Ontario MPP
- In office 1987–1990
- Preceded by: New riding
- Succeeded by: Mark Morrow
- Constituency: Wentworth East

Personal details
- Born: October 7, 1952 (age 73) Hamilton, Ontario
- Party: Liberal
- Spouse: Robert Rankin
- Children: 2, including Chad Collins

= Shirley Collins (politician) =

Canadian politician (born 1952)

Shirley Jean Collins (born October 7, 1952) is a former politician in Ontario, Canada. She served in the Legislative Assembly of Ontario as a Liberal from 1987 to 1990, and was a Cabinet Minister in the government of David Peterson.

==Background==
Collins was educated at McMaster University. She was a special assistant to federal Member of Parliament Hon. John Munro from 1979 to 1981, and a constituency assistant to Member of Provincial Parliament Sheila Copps from 1981 to 1982. From 1982 to 1987, Collins served as an alderman and regional councillor for Hamilton, Ontario City Council. Her husband, Robert Rankin, is a retired staff sergeant with Hamilton Police Services.

Her son Chad Collins was a member of Hamilton, Ontario City Council for many years, until being elected to the House of Commons of Canada in the 2021 Canadian federal election.

==Politics==
Collins ran for the Ontario Legislature in the 1985 provincial election, losing to incumbent New Democrat Robert W. Mackenzie by 1,600 votes in the Hamilton East constituency. In the 1987 election, she was handily elected in the neighbouring riding of Wentworth East.

Collins served as the Parliamentary Assistant to Hon. Greg Sorbara, Minister of Labour and Women's Issues. On August 2, 1989, Collins was named a Minister without Portfolio Responsible for People with Disabilities. She held this position until the September 1990 election.

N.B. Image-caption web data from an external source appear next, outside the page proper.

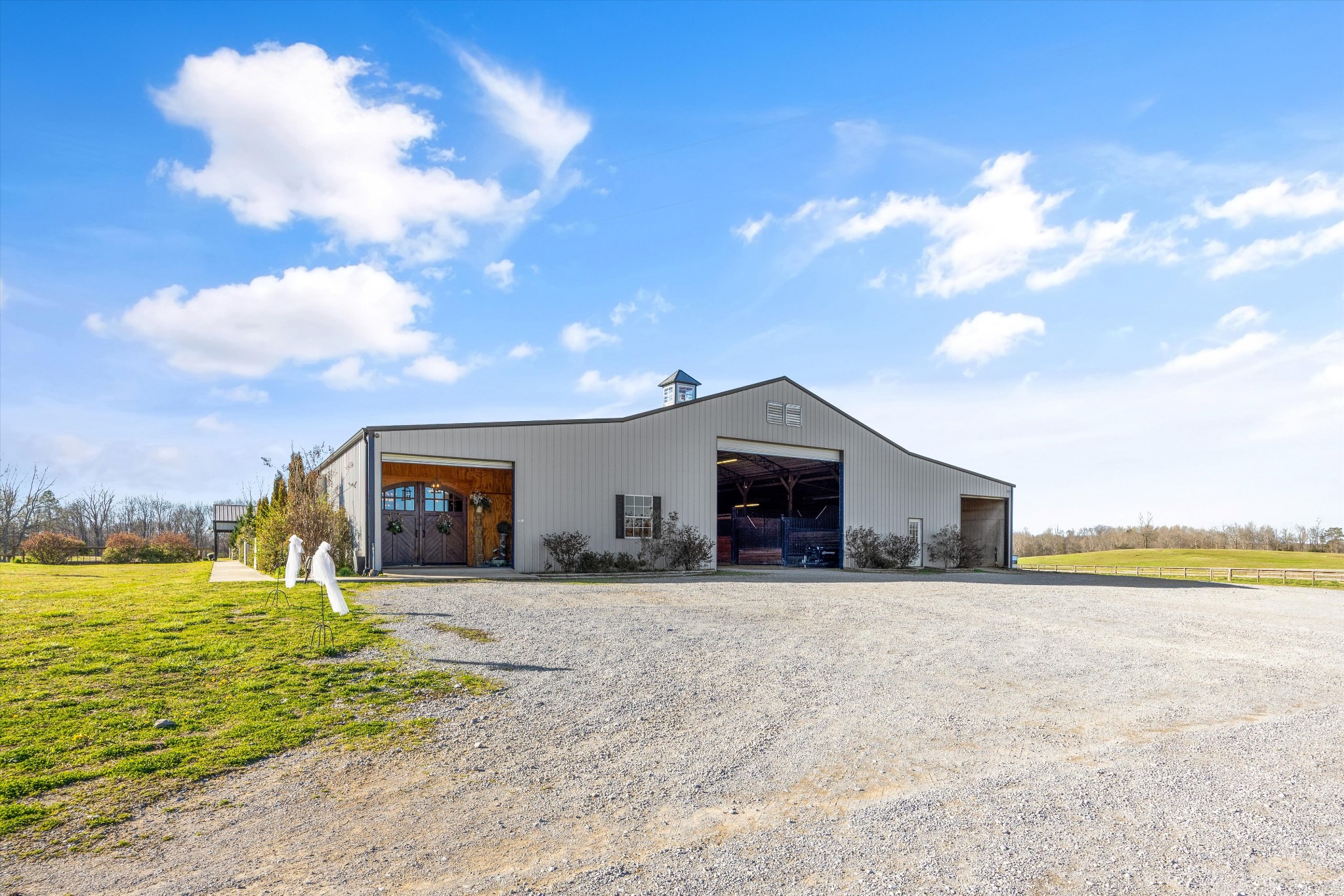 1255 County Road 72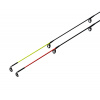 Фидерное удилище Flagman Legend Feeder Extra Heavy 3.6м 150г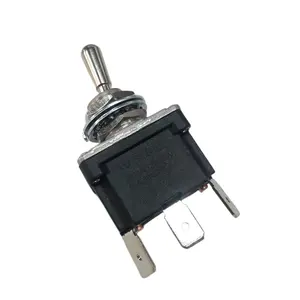 HNARL In stock (ON)-ON 2440901640 Haulotte Toggle Switch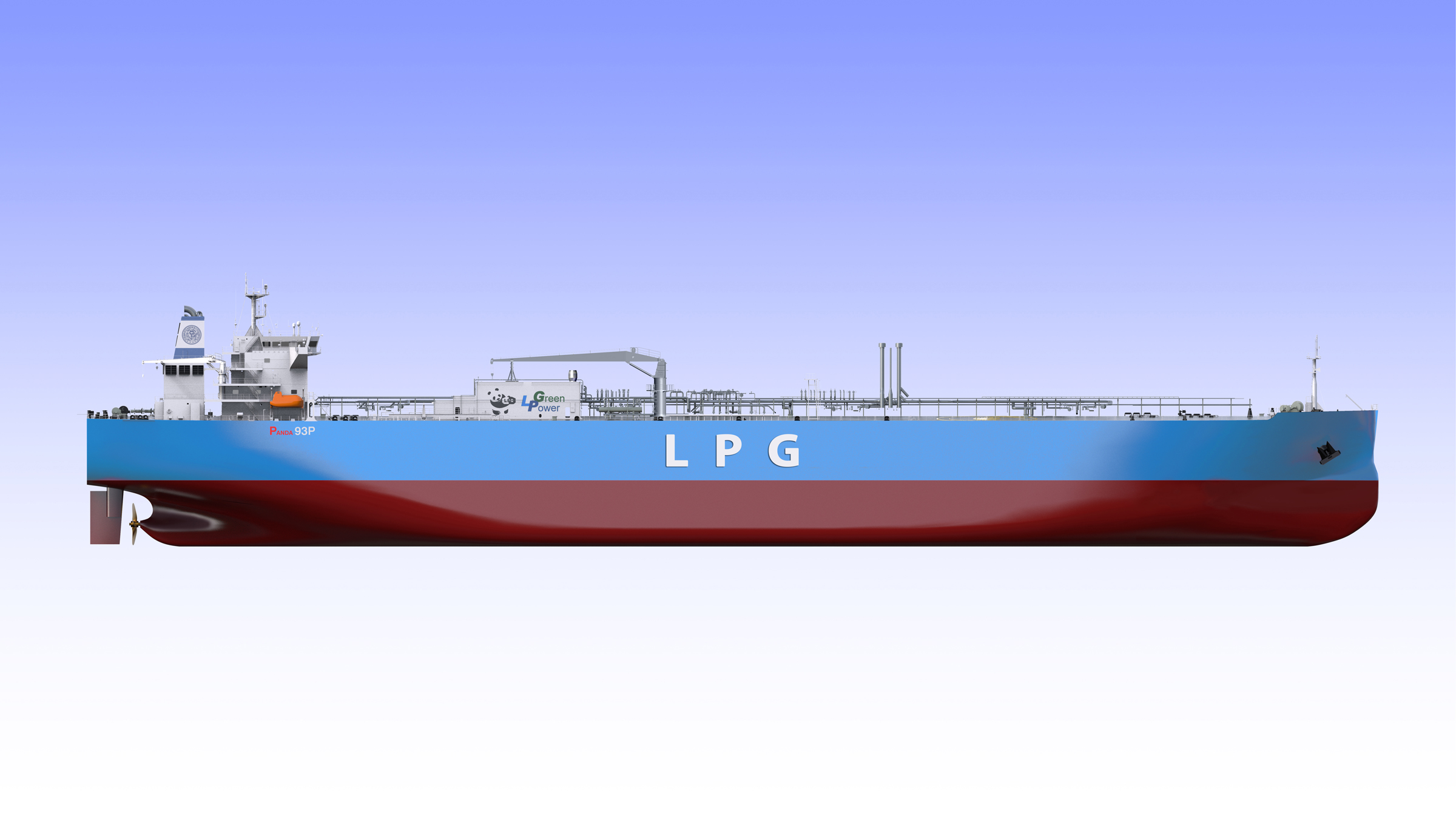 57c14443ecf489615dd5613f5372f12.jpg 57c14443ecf489615dd5613f5372f12.jpg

The Liberals were defeated by the New Democratic Party in the 1990 provincial election, and Collins lost her seat to NDP candidate Mark Morrow by 3,147 votes in the NDP sweep led by Bob Rae. She ran again in the 1995 election, but lost to Progressive Conservative Ed Doyle by 3,606 votes when the Progressive Conservatives formed a government.

==Later life==
After leaving the Ontario Legislature, Collins became the owner and operator of a private investigation agency, Collins Investigation Services, in Hamilton, Ontario. She was appointed to the appeal division of the Immigration and Refugee Board of Canada in 2003. In 2006 she worked in the professional development department of the same board until she became a member of the Ontario Landlord and Tenant Board from 2009 to 2014 when she retired at the end of her term.